#### TASK BRIEF:
Take the line with "Přípravná utkání reprezentace" as the first and the last line of the data as the end. Write out both and every line between exactly, except pictures.

Captioned web image data:
<<<<

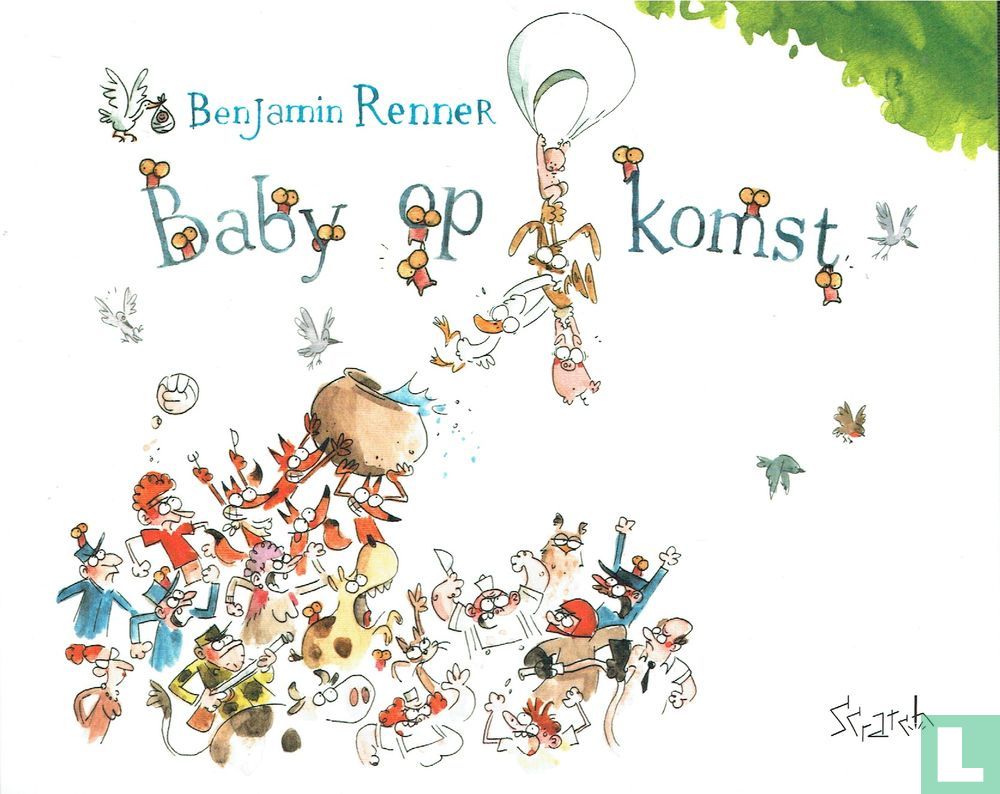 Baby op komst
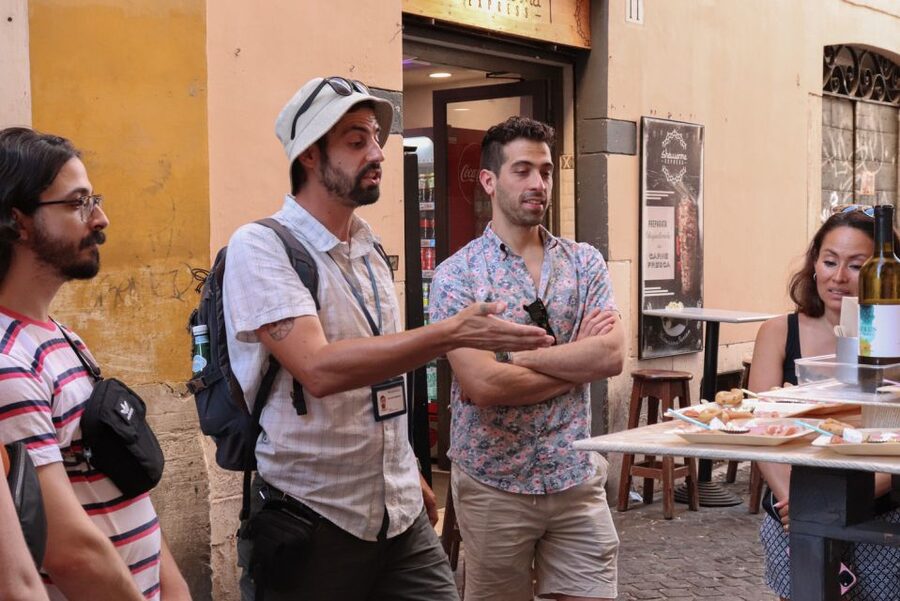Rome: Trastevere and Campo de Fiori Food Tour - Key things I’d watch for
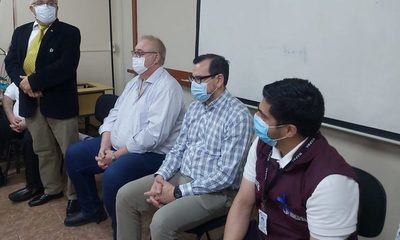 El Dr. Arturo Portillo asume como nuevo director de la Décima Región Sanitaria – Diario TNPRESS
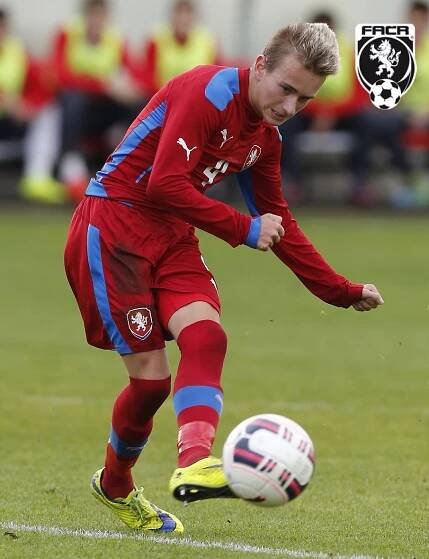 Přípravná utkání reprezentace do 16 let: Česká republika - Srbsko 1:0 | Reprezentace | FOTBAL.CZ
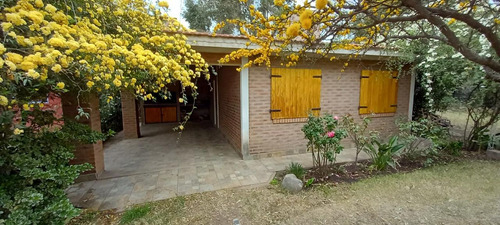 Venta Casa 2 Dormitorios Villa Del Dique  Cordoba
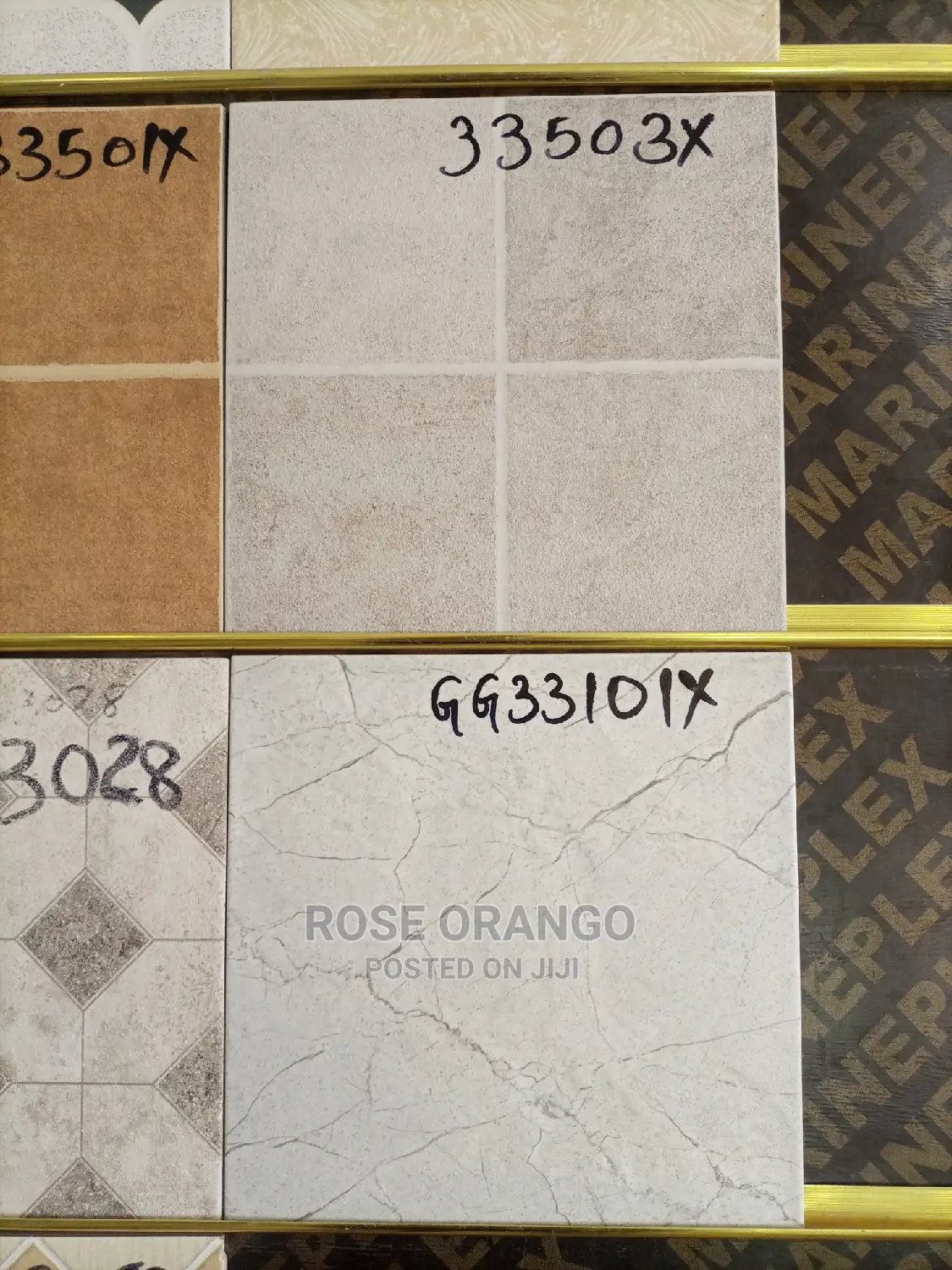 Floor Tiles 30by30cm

>>>>

#### THE ANSWER:
 Přípravná utkání reprezentace do 16 let: Česká republika - Srbsko 1:0 | Reprezentace | FOTBAL.CZ
 Venta Casa 2 Dormitorios Villa Del Dique  Cordoba
 Floor Tiles 30by30cm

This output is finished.